Bonamarte, 866 P.2d at 1134.
I conclude that those reasons are no less valid, important and necessary to assure the integrity and fairness of contested proceedings before an administrative agency where, as here, the litigant’s entitlement to state benefits hangs in the balance as a direct consequence of the hearings process.

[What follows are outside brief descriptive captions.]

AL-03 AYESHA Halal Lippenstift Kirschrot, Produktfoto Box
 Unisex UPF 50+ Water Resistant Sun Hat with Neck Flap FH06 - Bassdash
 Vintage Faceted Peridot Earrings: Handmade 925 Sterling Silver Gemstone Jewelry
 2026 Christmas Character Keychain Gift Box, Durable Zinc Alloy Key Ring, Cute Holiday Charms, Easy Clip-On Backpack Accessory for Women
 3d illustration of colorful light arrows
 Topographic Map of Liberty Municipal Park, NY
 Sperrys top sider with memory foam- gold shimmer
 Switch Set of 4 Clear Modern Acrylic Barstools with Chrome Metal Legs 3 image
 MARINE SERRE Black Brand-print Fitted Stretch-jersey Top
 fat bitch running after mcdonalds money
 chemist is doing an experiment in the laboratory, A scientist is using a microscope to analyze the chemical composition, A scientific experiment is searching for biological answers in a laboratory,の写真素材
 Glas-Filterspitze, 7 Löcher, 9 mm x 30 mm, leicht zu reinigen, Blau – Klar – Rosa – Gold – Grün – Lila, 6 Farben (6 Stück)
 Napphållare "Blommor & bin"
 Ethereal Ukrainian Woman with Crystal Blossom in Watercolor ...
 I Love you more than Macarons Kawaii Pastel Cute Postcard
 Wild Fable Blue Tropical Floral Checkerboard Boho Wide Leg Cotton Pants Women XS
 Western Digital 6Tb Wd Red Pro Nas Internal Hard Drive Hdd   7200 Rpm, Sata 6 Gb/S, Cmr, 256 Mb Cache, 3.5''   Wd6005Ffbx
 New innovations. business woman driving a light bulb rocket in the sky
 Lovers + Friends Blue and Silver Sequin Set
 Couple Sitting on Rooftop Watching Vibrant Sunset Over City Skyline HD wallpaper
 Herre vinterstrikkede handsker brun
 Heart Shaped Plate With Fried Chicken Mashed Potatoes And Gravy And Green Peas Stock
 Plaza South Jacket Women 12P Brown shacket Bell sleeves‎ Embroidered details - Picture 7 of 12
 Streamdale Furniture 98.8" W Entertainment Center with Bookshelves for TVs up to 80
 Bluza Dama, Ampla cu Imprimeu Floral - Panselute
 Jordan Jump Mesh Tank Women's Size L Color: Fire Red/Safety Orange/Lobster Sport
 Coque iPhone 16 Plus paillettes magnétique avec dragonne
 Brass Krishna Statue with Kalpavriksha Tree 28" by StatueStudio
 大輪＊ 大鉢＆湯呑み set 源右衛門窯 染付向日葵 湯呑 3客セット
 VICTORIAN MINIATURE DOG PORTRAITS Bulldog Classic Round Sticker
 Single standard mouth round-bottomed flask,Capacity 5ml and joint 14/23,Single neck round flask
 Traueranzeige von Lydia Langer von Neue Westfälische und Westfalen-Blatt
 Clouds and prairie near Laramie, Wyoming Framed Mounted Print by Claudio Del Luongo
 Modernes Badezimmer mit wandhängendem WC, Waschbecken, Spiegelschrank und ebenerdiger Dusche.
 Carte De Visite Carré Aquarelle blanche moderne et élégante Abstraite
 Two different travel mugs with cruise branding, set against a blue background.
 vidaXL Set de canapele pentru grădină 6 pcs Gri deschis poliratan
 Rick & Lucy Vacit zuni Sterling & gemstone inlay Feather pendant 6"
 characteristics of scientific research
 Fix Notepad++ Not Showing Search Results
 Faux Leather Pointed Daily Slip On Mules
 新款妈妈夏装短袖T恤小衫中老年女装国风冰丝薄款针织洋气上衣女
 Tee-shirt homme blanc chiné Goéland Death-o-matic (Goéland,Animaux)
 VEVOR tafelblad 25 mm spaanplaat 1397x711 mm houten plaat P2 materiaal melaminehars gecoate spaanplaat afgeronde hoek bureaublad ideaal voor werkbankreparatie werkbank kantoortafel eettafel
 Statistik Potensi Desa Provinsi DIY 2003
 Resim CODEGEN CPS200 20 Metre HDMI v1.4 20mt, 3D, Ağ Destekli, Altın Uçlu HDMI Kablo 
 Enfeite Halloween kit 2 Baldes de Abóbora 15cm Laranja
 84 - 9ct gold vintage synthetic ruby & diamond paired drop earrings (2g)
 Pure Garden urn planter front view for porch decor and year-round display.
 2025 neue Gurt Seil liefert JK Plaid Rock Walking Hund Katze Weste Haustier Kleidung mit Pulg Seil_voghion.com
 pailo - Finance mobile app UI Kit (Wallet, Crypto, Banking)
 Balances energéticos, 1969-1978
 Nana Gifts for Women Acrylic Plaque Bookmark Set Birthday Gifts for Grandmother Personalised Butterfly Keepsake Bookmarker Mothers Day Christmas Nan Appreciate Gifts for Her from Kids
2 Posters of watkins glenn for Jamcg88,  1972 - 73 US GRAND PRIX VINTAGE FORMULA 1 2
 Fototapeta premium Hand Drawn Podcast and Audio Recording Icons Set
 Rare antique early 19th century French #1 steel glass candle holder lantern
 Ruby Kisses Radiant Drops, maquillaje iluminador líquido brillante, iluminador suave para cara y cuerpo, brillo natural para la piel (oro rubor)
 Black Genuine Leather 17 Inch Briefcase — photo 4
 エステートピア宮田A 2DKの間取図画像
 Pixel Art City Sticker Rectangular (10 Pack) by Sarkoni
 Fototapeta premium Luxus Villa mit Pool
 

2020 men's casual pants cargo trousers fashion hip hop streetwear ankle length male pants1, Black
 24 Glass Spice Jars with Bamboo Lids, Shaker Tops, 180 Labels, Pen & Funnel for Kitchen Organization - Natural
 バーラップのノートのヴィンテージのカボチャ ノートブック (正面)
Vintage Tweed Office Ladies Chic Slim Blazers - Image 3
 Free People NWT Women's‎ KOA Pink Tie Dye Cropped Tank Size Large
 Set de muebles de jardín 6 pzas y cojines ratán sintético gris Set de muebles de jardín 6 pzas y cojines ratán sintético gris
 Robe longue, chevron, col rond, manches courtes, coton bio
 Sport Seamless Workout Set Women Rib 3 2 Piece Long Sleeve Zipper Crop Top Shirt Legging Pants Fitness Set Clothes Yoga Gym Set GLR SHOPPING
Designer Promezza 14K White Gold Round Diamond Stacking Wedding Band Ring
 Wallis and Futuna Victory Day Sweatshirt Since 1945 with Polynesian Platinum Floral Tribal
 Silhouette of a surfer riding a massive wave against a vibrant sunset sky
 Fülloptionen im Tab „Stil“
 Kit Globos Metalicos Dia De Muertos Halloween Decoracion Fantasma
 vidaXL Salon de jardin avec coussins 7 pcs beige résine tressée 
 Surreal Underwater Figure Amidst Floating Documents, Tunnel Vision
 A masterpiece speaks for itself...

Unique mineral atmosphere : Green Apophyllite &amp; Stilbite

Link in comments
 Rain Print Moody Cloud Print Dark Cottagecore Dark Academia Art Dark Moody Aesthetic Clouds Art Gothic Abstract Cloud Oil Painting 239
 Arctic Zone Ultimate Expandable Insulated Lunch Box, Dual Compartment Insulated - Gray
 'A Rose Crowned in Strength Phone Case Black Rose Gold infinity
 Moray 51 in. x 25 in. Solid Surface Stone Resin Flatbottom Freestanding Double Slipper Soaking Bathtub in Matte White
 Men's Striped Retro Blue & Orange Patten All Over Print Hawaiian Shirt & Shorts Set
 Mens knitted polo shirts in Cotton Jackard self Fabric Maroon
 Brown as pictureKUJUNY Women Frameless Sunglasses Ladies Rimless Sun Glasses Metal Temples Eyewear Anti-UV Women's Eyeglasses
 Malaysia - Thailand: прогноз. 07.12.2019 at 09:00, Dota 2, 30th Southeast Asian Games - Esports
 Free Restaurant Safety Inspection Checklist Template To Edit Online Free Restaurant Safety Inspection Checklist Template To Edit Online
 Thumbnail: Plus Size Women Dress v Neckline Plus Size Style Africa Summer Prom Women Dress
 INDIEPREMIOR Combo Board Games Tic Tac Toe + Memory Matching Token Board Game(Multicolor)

*262Moreover, and to make matters worse, here, the crucial evidence against Bean on the issue of willful misconduct was in the form of hearsay reports and testimony that would not have been admissible under the Rules of Evidence nor should even have been admissible under a fair reading of the Department’s own administrative rule, which allows consideration of evidence upon “which responsible persons are accustomed to rely in the conduct of serious affairs.” Rule 24.7.312(1), ARM. Since this Court does not reach this issue, little will be gained here in detailing the offending “evidence” or by engaging in an extended discussion of the law regarding the use of hearsay in administrative proceedings. Presumably that issue remains open for future resolution. Suffice it to say that the record here does not contain sufficient admissible, non-hearsay evidence upon which the appeal referee could base a finding of willful misconduct.
That a claimant of unemployment compensation benefits is entitled to substantive and procedural due process is not, in my view, open to dispute. See, Goldberg v. Kelly (1970), 397 U.S. 254, 90 S.Ct. 1011, 25 L.Ed.2d 287; and California Department of Human Resources Development v. Java (1971), 402 U.S. 121, 91 S.Ct. 1347, 28 L.Ed.2d 666.1 am at a loss to understand how a claimant has been afforded even minimal due process where she has been denied her right of confrontation and cross-examination by being required to litigate her case over a telephone, without crucial adverse witnesses being required to testify and where the factfinder’s ultimate decision is based on rank, inadmissible hearsay.
If you put a teaspoon of sludge in a barrel of wine, you get sludge. If you put a teaspoon of wine in a barrel of sludge, you get sludge. Putting this case back in the barrel will not change, much less improve, the contents. I dissent.
JUSTICES TRIEWEILER and HUNT join in the foregoing dissent.